No writing on it except for BDH on the bottom, I think it stands for British drug House, I was told it was a lysol but I don't actually know very much about it. Dug it out of a 20-30s small farm tip... Pretty much everything else that came out wasn't very exciting, couple of hex poisons including a large Amber one and a few chemist bottles.


----------



## CanadianBottles (Mar 27, 2021)

That's a very nice bottle!  I don't know about it being the actual Lysol brand but there is a good chance it's a disinfectant bottle.


----------



## PlaneDiggerCam (Mar 27, 2021)

I think I saw a clear one of these that was this Hobnail type and was actually embossed lysol. I think in England lysol has used some Hotmail type bottles.


----------



## ROBBYBOBBY64 (Mar 27, 2021)

Hotmail! Lol! I remember seeing something like that too. Nice poison bottle for real.
ROBBYBOBBY64.


----------



## CanadianBottles (Mar 27, 2021)

PlaneDiggerCam said:


> I think I saw a clear one of these that was this Hobnail type and was actually embossed lysol.

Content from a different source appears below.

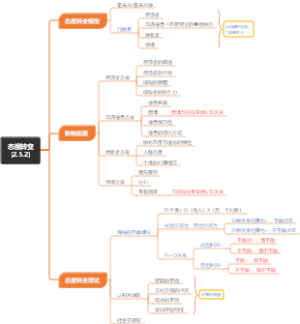 态度转变(2.5.2)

I think in England lysol has used some Hotmail type bottles.



Lysol has definitely used hobnail bottles but I can't remember seeing one in blue before.


----------



## buriedtreasuretime (Mar 28, 2021)

Quercus_petraeus said:


> No writing on it except for BDH on the bottom, I think it stands for British drug House, I was told it was a lysol but I don't actually know very much about it. Dug it out of a 20-30s small farm tip... Pretty much everything else that came out wasn't very exciting, couple of hex poisons including a large Amber one and a few chemist bottles.

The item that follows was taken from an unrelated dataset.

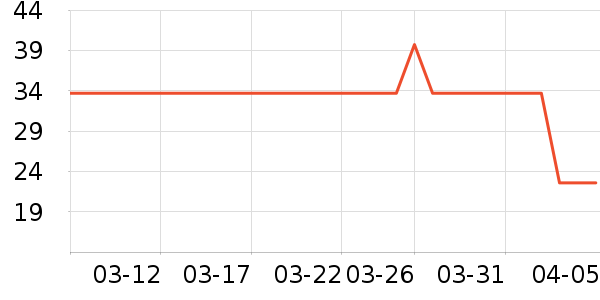 �����ǹ���ʳ��ʷ�۸�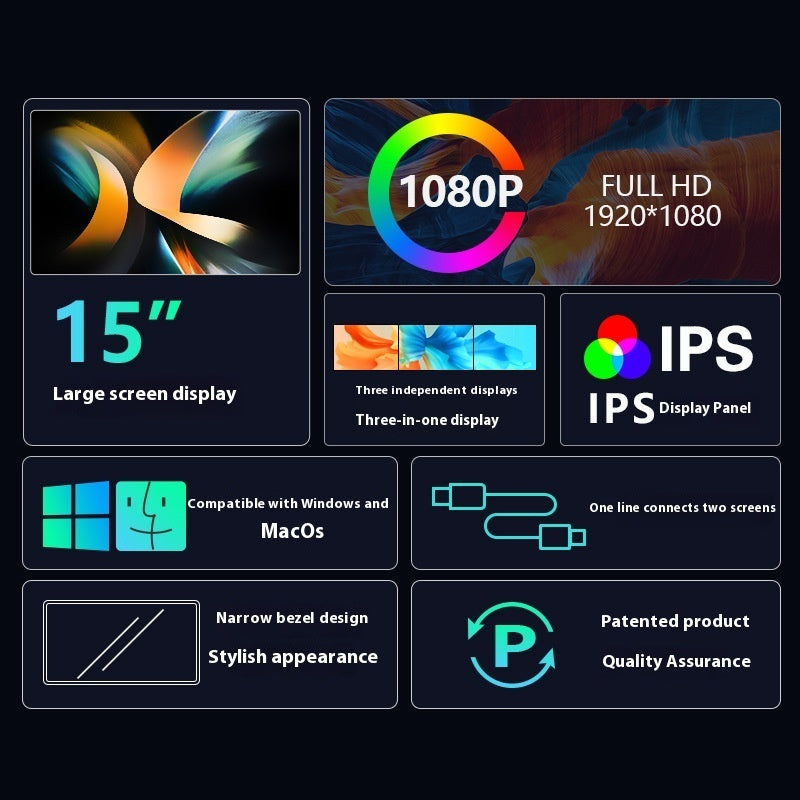 Portable Multi-Screen Display for Laptops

Some one was trying to poison some one or something. This is European yes? It’s a beautiful find, never seen on like that in America or on line. I used to collect quilted cobalt poisons and I’ve looked at a lot of US poisons.


Sent from my iPhone using Tapatalk


----------



## willong (Mar 31, 2021)

I know nothing about that bottle other than the fact that, based on your photo of the item, I really like it!


----------



## Poison_Us (Mar 31, 2021)

This is a KU-17 English Poison . Depending on the size will rate it between Scarce to Rare very rare. The rarest of the sizes are the 2.5” and the 8” I believe. Not sure on the 8” is entirely the correct measurement. Been a long time talking bottles. There are 5 sizes in all. The others are between these 2


----------



## Poison_Us (Mar 31, 2021)

Ok, had to look on my own site to refresh my memory. Here is what I have:
*KU-17
4 of the 6 known sizes from BDH (British Drug House).
5 3/4”, 4 3/4”, 3 1/2” & 2 1/2”.
3 1/2” is the most common, All other sizes are fairly hard to find. We have only seen 1 bottle with a label, and it said “Lysol” The missing sizes are 7.5” & 6.5”.
4 known of the 7.5”, 3 in private collections and 1 in a museum in England.*


----------



## Poison_Us (Mar 31, 2021)

Things keep coming to mind. Yes, traditionally Lysol came in Jug style bottles. And to see this with a Lysol label doesn’t necessarily mean that this is what came in it. Seen many applied labels people would attach to random antique bottles and try to pass them off. But it was the only one of these bottles I ever seen with a label still attached, whether  by the maker or otherwise.


----------



## Poison_Us (Mar 31, 2021)

So with all that, what size is this? I’m missing 2 sizes in my collection.


----------



## Quercus_petraeus (Apr 7, 2021)

Thank you for that information, I need to read up on my poisons, I'm always amazed at how many variants there are! This one measures 4 3/4 (inches). They are a great bottle find, I've only ever had the one but a good find indeed


----------